Accepted for publication 11 February 2014

Published 12 April 2014 Volume 2014:7 Pages 567—573

DOI https://doi.org/10.2147/OTT.S59959

Checked for plagiarism Yes

Review by Single anonymous peer review

Peer reviewer comments 4



Yang Zhang,1,2,* Lei Wang,1,2,* Yuan Li,2,3 Yunjian Pan,1,2 Rui Wang,1,2 Haichuan Hu,1,2 Hang Li,1,2 Xiaoyang Luo,1,2 Ting Ye,1,2 Yihua Sun,1,2 Haiquan Chen1,2

1Department of Thoracic Surgery, Fudan University Shanghai Cancer Center, Shanghai, People's Republic of China; 2Department of Oncology, Shanghai Medical College, Fudan University, Shanghai, People's Republic of China; 3Department of Pathology, Fudan University Shanghai Cancer Center, Shanghai, People's Republic of China

*These authors contributed equally to this work

Background: The clinicopathologic characteristics of tumors expressing programmed death (PD-1) ligands (PD-Ls) PD-L1 or PD-L2 and their associations with common driver mutations in lung adenocarcinoma are not clearly defined, despite the progression of anti-PD-1/PD-L1 immunotherapy.
Methods: PD-L1 and PD-L2 expression was measured by immunohistochemistry in 143 surgically resected lung adenocarcinomas and was correlated with clinical variables, histologic subtypes, and the mutational status of EGFR, KRAS, HER2, and ALK.
Results: Positive PD-L1 expression was significantly associated with more advanced T status, N status, and pathologic stage. Histologically, lung adenocarcinomas with positive PD-L1 staining were less likely to be adenocarcinoma in situ or minimally invasive adenocarcinoma and more likely to have solid predominant subtype. Both PD-L1 expression (odds ratio =1.984, 95% confidence interval =1.010–3.894; P=0.047) and PD-L2 expression (odds ratio =2.328, 95% confidence interval =1.201–4.512; P=0.012) were independent predictors of poor overall survival. When the combined PD-L expression and pathologic stage were used together to predict overall survival, the concordance index increased to 0.763, and the Akaike information criteria value decreased to 356.08.
Conclusion: We defined the clinicopathologic features of lung adenocarcinomas with high expression of PD-L1 and PD-L2. We further demonstrated the role of PD-L expression as a useful prognostic marker for lung adenocarcinoma.
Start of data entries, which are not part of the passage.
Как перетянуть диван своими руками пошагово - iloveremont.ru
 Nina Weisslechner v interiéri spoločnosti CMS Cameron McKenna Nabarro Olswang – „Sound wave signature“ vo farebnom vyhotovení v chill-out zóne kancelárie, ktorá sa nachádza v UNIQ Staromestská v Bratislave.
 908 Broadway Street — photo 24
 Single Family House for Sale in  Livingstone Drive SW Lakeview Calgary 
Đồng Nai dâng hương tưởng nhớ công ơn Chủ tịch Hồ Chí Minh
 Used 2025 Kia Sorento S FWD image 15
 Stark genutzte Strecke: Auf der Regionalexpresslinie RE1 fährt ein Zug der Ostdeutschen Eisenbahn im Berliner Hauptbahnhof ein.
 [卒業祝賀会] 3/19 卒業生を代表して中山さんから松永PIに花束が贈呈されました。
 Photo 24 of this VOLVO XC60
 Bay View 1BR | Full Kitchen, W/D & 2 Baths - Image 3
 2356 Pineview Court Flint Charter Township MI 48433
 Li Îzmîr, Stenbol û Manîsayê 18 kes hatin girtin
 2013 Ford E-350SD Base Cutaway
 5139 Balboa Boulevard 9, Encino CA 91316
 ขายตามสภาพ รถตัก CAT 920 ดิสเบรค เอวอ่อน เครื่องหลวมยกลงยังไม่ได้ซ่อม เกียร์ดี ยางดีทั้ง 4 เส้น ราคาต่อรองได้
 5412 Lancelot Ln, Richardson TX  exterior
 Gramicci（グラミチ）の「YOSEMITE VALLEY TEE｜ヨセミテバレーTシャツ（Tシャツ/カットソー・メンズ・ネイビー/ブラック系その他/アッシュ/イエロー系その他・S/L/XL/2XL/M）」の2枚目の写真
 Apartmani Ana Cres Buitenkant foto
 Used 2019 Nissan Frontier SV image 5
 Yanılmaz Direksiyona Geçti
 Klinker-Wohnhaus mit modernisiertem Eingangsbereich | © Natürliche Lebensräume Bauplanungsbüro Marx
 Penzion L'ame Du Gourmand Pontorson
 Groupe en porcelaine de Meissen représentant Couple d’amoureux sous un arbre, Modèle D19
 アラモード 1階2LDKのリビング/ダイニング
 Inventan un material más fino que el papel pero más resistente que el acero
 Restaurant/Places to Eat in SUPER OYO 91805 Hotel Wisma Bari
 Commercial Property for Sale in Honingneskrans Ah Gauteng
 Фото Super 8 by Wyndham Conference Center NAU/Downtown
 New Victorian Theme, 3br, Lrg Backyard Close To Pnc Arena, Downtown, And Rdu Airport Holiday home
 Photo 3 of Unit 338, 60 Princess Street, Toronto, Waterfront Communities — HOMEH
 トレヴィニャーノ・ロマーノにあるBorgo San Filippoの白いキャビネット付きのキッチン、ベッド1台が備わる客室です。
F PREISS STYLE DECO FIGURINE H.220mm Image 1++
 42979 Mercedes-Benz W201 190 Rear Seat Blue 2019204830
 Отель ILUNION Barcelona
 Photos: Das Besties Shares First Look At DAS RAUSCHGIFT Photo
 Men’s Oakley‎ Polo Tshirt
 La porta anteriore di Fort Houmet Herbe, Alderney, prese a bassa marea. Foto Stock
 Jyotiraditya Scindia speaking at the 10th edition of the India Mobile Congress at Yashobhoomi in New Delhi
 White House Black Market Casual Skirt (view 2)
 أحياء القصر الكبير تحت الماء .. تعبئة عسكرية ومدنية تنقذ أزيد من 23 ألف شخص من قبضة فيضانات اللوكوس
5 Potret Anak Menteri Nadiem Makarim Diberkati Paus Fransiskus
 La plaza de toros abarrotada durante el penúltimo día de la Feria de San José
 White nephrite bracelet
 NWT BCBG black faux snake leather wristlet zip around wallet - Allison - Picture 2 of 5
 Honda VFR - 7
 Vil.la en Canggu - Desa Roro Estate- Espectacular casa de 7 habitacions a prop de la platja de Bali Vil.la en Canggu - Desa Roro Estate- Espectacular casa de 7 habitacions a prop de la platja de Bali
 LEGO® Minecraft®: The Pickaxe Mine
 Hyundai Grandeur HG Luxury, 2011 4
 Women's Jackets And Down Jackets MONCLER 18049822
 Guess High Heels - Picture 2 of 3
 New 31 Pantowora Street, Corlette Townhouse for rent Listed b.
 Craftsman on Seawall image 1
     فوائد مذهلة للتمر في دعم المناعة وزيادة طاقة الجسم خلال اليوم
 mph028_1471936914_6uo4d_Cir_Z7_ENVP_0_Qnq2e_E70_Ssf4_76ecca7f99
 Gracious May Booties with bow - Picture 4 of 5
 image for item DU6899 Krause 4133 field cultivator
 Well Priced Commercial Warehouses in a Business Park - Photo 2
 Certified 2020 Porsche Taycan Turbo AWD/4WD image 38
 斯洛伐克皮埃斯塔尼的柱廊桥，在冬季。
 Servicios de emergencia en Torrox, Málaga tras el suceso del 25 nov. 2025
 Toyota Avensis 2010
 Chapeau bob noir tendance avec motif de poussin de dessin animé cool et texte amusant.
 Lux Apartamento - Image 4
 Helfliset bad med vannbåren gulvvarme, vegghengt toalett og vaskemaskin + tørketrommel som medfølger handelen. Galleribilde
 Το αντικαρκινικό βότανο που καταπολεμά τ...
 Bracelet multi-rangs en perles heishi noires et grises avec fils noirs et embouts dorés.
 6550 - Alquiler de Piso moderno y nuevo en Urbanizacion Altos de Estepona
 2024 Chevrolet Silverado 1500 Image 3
Keywords: immunotherapy, lung cancer, prognostic markers, oncogenic driver mutations

Introduction

Lung cancer is the leading cause of cancer-related deaths worldwide.1 Despite significant advances in multidisciplinary cancer therapies, the overall prognosis for lung cancer patients remains poor. Novel treatment strategies, including immunotherapy, are under investigation to improve patients’ prognosis.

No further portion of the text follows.